WORK INSTRUCTION>
Print the data below verbatim, minus images.
GIVEN MATERIAL section start
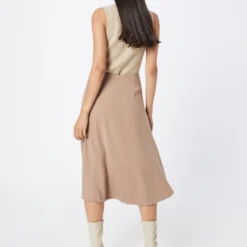 Mos Mosh Midi Rokken Rok Dames Nude -About You Winkel e99f6330d1a01e44f032095fd68a8c3c scaled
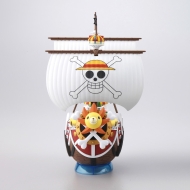 Model Kit One Piece – Grand Ship Collection Vol.01 – Thousand Sunny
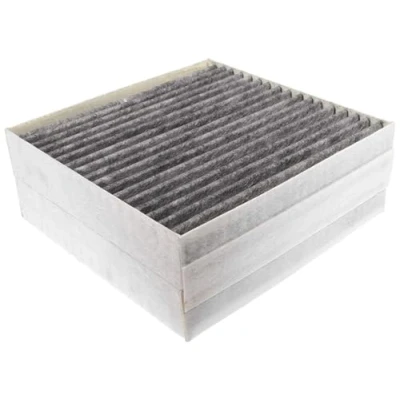 Image of 1718300418, 1728350047, A1718300418, A1728350047 Pollen Filter MAHLE ORIGINAL LAK 246 Activated Carbon 180,0, 360,0mm 179, 180mm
GIVEN MATERIAL section end
SOLUTION TO THE EXERCISE>
 Mos Mosh Midi Rokken Rok Dames Nude -About You Winkel e99f6330d1a01e44f032095fd68a8c3c scaled
 Model Kit One Piece – Grand Ship Collection Vol.01 – Thousand Sunny
 Image of 1718300418, 1728350047, A1718300418, A1728350047 Pollen Filter MAHLE ORIGINAL LAK 246 Activated Carbon 180,0, 360,0mm 179, 180mm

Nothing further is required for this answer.